1: Only one state is present in each firewall. From public IP on Site B to public IP on Site A. No evidence of any funny internal routing on either box or NAT’ing of the traffic.
2: Packet capture on WAN on both boxes shows 1448 byte sizes packets being sent with no fragmentation. One observation is that the 6100 ack’s each and every packet individually which I guess means TCP sliding window does not get to have very many outstanding packets?
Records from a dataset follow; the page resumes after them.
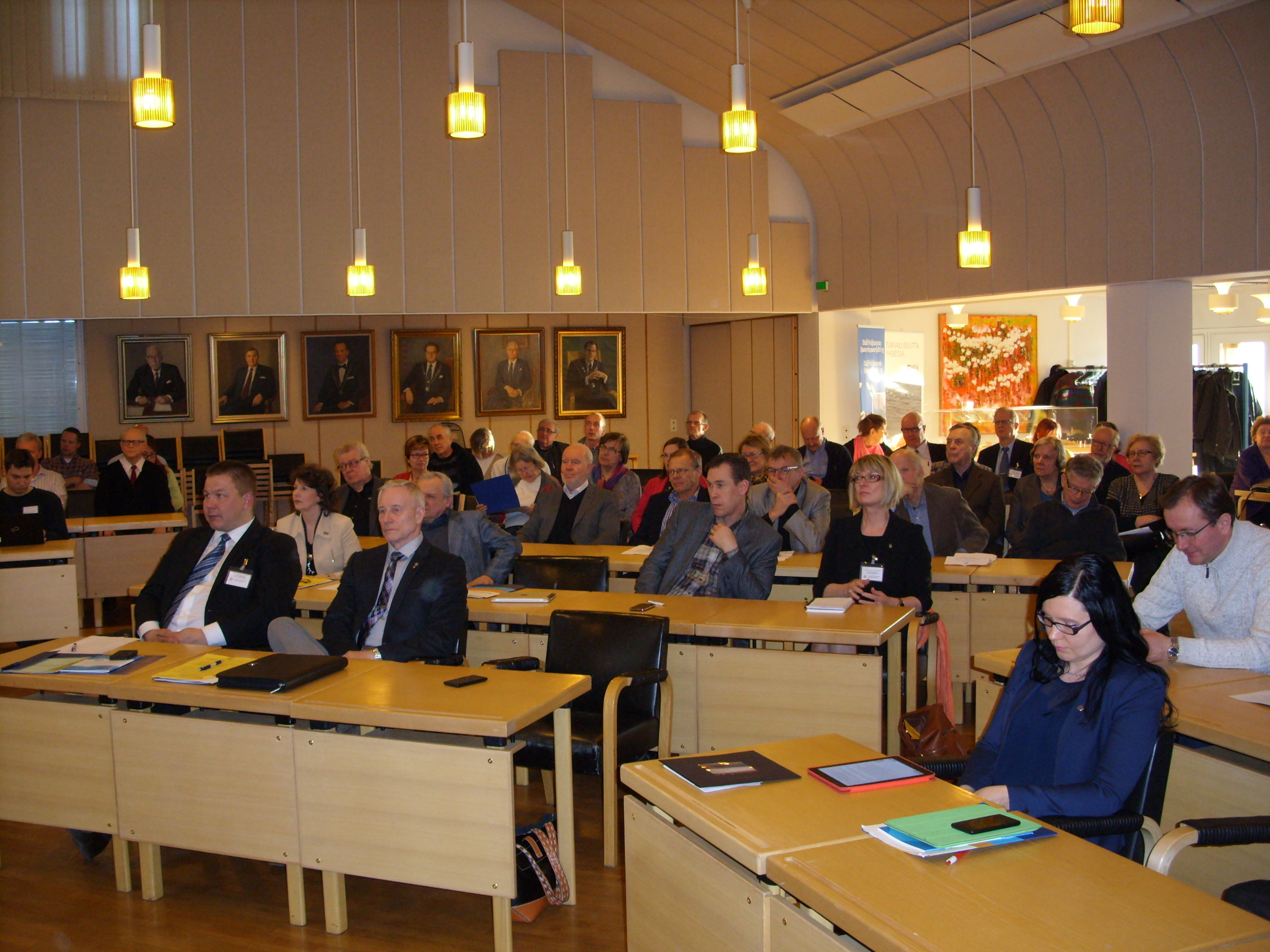 MTSn yleisötilaisuuden yleisöä 16.3.2015 Seinäjoen valtuustosalissa
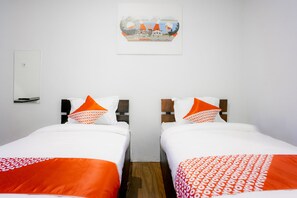 Standard Twin Room | Desk, free WiFi, bed sheets - Hotel O Citra Anggrek (Medan)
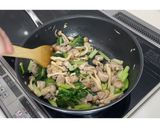 鶏もも肉としめじの塩レモン炒め★動画あり★作り方13写真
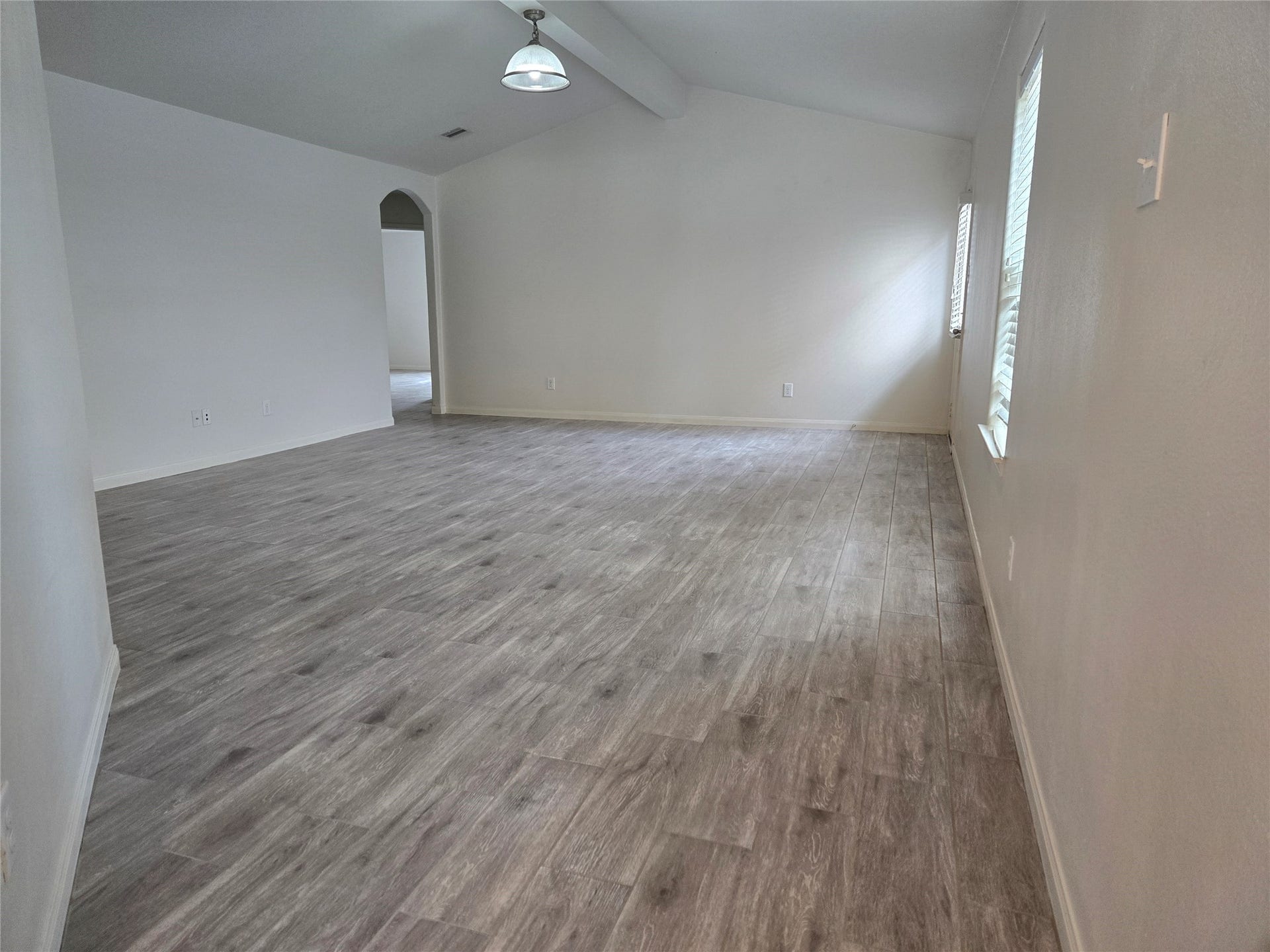9434 Sapphire Creek Lane, Rosharon, TX 77583 9434 Sapphire Creek Lane, Rosharon, TX 77583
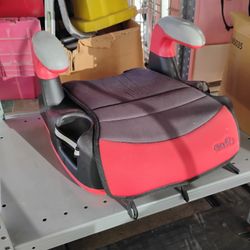 Even Flow 2 cup holder booster seat / Shipping Available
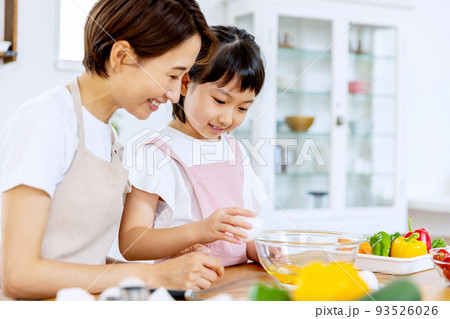 親子で料理をする 親子で料理をする 93526026
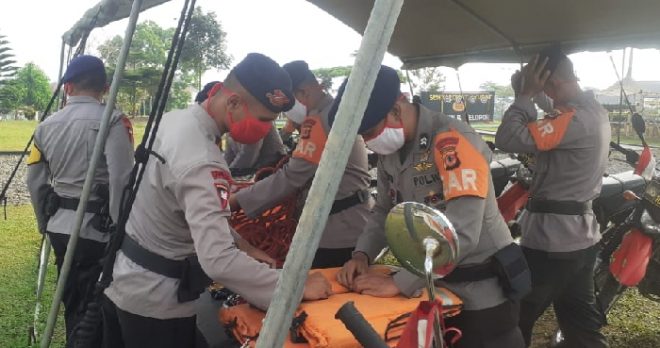 Sat Brimob Polda Jabar Siapkan Regu Siaga Tanggap Bencana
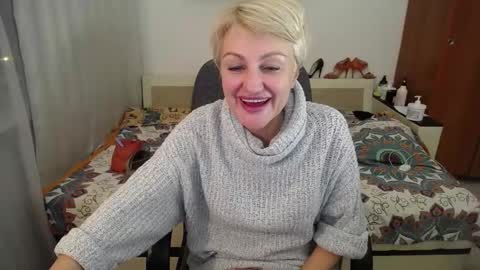 Snapshot of women_pleasures chatting on 6, 2, 2025 women_pleasures online show from 6, 2, 2025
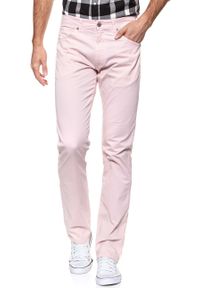 Wrangler - WRANGLER SPODNIE MĘSKIE GREENSBORO PEPPA PINK W15QMM20A. Materiał: materiał #7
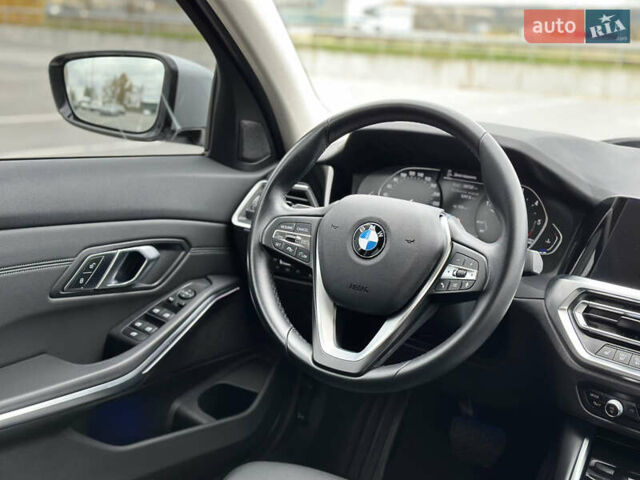 Сірий БМВ 3 Серія, об'ємом двигуна 2 л та пробігом 69 тис. км за 30700 $, фото 27 на Automoto.ua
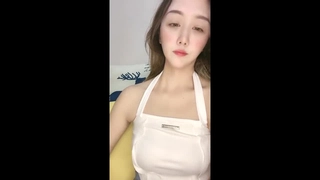萌白酱湿身洗澡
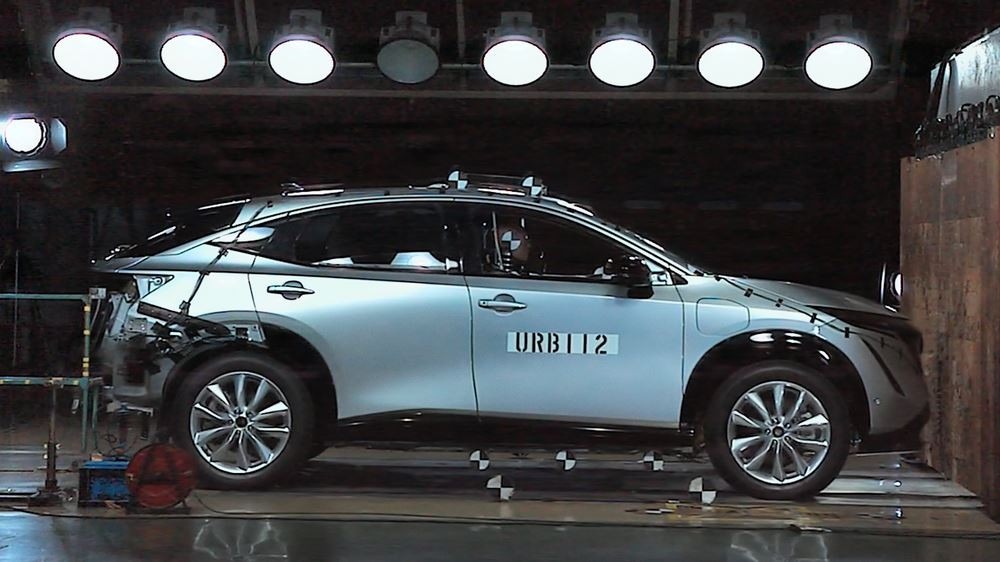Le crossover coupé électrique Nissan Ariya a été soumis à 400 crash-tests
Since I do have a 36ms turnaround time between the sites that obviously has a CONSIDERABLE cost in throughput… 1000ms/37ms = 27 packets of 1448 bytes = 39KB/s if the source had to wait out EVERY ack. Since I’m getting about 300KB/s (little less than 3 Mbit) throughput there must be a wee bit of sliding window in play, but slow enough that each packet is ACK’ed individually.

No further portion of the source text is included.